Licenziamento orale

Questione 1

Cosa si intende per licenziamento orale e quali tutele sono previste dalla legge a favore del lavoratore in tal caso?

Il licenziamento verbale (detto anche "orale") si verifica quando il lavoratore viene allontanato dal luogo di lavoro senza alcun atto formale da parte del datore di lavoro (lettera o altro).

La legge impone al datore di lavoro di comunicare il licenziamento per iscritto e afferma che il licenziamento verbale è inefficace: ciò significa che il licenziamento comunicato solo oralmente non produce alcun effetto e, in particolare, non interrompe il rapporto di lavoro tra le parti, sicché il datore di lavoro è tenuto a continuare a pagare la retribuzione al lavoratore sino a quando non sopravvenga un’efficace causa di risoluzione o estinzione del rapporto di lavoro o l’effettiva riassunzione.

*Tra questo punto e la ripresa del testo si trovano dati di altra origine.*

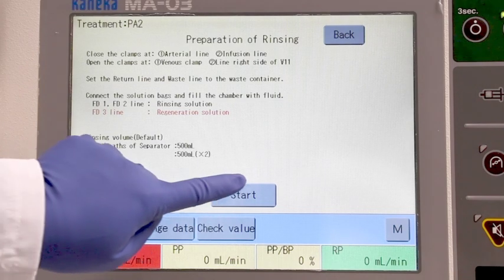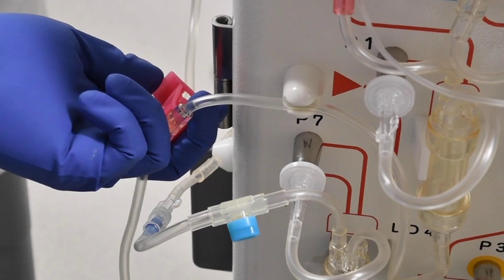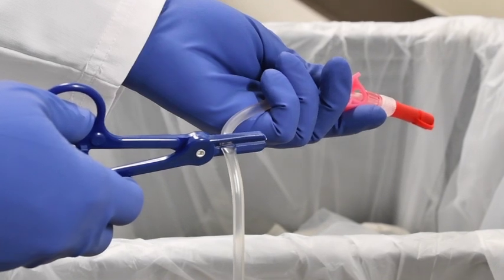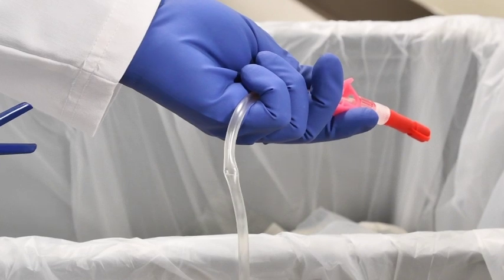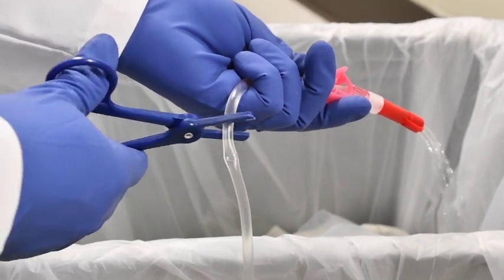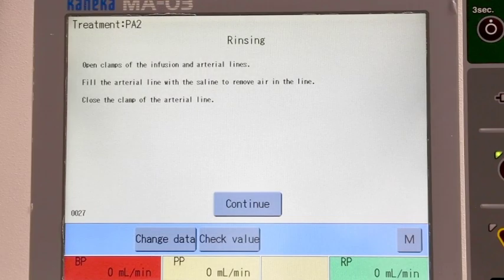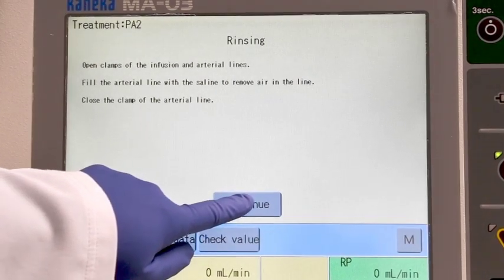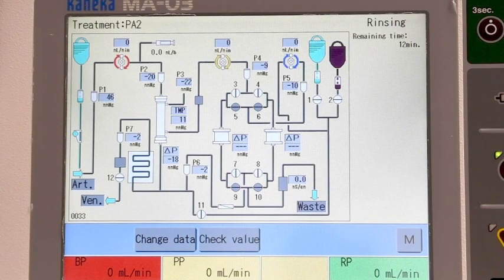Touch the start key. To purge air from the blood withdrawal line, open the blood withdrawal and infusion line red clamps. Back flush the blood withdrawal line with 0.9% sodium chloride. Clamp the blood withdrawal line only and hang back on the IV hook. Touch continue — the rinsing process starts automatically and takes approximately 12 minutes. When the rinse mode is complete, the buzzer will sound.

In questi casi è necessario che il lavoratore faccia pervenire immediatamente una raccomandata A/R (di cui si deve tenere copia) nella quale lo stesso si mette a disposizione per la ripresa immediata dell’attività dando conto del fatto di essere stato allontanato dal datore di lavoro.

Le conseguenze derivanti dal licenziamento intimato in forma orale sono attualmente disciplinate, per i lavoratori assunti prima del 7 marzo 2015, dall’art. 18 Statuto lavoratori, come modificato dalla legge 92/2012, e, per i lavoratori assunti dopo tale data, dall’art. 2 del decreto legislativo n. 23/2015, uno dei decreti attuativi del c.d. Jobs Act. .

Le due norme, dal contenuto sostanzialmente identico, prevedono che il lavoratore licenziato oralmente ha diritto a:

  • essere reintegrato nel posto di lavoro;
  • ottenere il risarcimento del danno per il periodo successivo al licenziamento e fino all’effettiva reintegra, dedotto quanto percepito da altra occupazione (il risarcimento non può comunque essere inferiore nel minimo di cinque mensilità di retribuzione);
  • ottenere il versamento dei contributi assistenziali e previdenziali per tutto il periodo dal giorno del licenziamento a quello della reintegra;
  • scegliere fra la reintegra e l’indennità sostitutiva pari a quindici mensilità della retribuzione globale di fatto.

L’unica novità introdotta dalla riforma del 2015 è rappresentata dalla base di calcolo dell’indennità risarcitoria: mentre il secondo comma dell’art. 18 fa riferimento alla retribuzione globale, l’art. 2 del decreto legislativo 23/2015 prevede che l’indennità debba essere “commisurata all’ultima retribuzione di riferimento per il calcolo del trattamento di fine rapporto”.